Geçen gün bunun uygulamalarını gördüm.
İnsan kendi yüzünü emoji haline getirebiliyor.
Böylece anlatmak istediğiniz bütün duyguları kendi yüz
ifadelerinizle, başkasının yüzüne söylemiş olacaksınız.
Düşünüyorum...
Kendimizle dalga geçebileceğimiz, kendimizi komikleştirebileceğimiz
bu yeni emoji dili acaba kutuplaşmaya son verecek yeni bir
psikoloji yaratabilir mi...
İnsanların yüzüne kendi yüzüyle, kendi insani mimikleriyle
çakamayıp, takma isimler, sahte maskeler arkasına saklanıp, oradan
haysiyetlerimize ateş eden trollerin etkisini böyle kırabilir
miyiz...
WHATSAPP GRUBU GÖRÜNTÜLÜ HALE GELDİĞİNDE NE
OLACAK
iOS 12’nin en önemli özelliklerinden biri de hız olacakmış.
Kameraya geçişi yüzde 70, klavyenin açılışını yüzde 50
hızlandırıyorlarmış. Bir de “Augmented Reality” uygulamaları çok
öne çıkıyor. Mesela duvardaki bir tablonun ölçülerini cep
telefonunuzun kamerasıyla ölçebileceksiniz.
Ama benim ilgimi 32 kişiye kadar ortak konuşma imkânı sağlayacak
olan program çekti.
Birlikte bulunduğum bazı kişilerin aklına hemen telekonferans
geldi.
Benim aklıma ise son yılların en büyük sosyolojik fenomenlerinden
biri olan WhatsApp grupları geldi.
Düşünebiliyor musunuz, yazılı gruplar görüntülü hale gelmiş...

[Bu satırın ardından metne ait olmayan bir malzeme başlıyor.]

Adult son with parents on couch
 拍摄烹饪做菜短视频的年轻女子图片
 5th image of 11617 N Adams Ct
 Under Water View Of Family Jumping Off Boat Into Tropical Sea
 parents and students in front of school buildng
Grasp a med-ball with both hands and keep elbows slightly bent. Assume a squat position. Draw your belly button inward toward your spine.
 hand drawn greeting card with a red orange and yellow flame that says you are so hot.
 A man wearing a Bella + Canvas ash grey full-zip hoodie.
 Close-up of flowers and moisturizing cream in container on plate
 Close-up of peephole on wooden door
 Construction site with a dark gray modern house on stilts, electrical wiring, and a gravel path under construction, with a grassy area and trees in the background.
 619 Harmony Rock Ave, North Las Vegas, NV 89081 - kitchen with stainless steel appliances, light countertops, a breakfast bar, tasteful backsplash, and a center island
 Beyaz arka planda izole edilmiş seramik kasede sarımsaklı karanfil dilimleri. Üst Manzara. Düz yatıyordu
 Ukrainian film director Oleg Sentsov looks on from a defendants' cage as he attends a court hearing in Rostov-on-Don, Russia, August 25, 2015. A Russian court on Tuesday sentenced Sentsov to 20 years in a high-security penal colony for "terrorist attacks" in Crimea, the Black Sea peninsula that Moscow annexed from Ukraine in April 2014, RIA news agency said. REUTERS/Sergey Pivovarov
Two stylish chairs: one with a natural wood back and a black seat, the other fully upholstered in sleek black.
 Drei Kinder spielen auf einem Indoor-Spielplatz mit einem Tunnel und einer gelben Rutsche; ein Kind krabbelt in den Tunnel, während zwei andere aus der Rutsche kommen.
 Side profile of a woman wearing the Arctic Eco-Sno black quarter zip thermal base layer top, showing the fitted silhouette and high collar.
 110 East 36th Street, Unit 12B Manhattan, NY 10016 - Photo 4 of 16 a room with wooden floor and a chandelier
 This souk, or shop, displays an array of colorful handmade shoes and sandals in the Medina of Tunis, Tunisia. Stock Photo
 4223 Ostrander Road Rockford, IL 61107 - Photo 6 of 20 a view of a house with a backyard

Bence hiç tahmin edemeyeceğimiz durumlar ortaya çıkabilir.
İyi ve kötü yanlarıyla...
KASABA OLAYINDA GALİBA İLBER HOCA HAKLI
ÇIKIYOR
SON yıllarda, televizyon ve streaming platformlarının dizilerinin
en çarpıcı konularından biri küçük kasabalar ve insanları.
Önce İngilizler Broadchurch’u yaptılar.
Onu Riverdale ile Amerikalılar izledi.
Sonra yine İngilizlerin Safe’i ve Almanların Dark’ı geldi.
Şimdi Fransızlar bu işe el attı ve kanımca Broadchurch’ten sonra en iyisini yaptılar.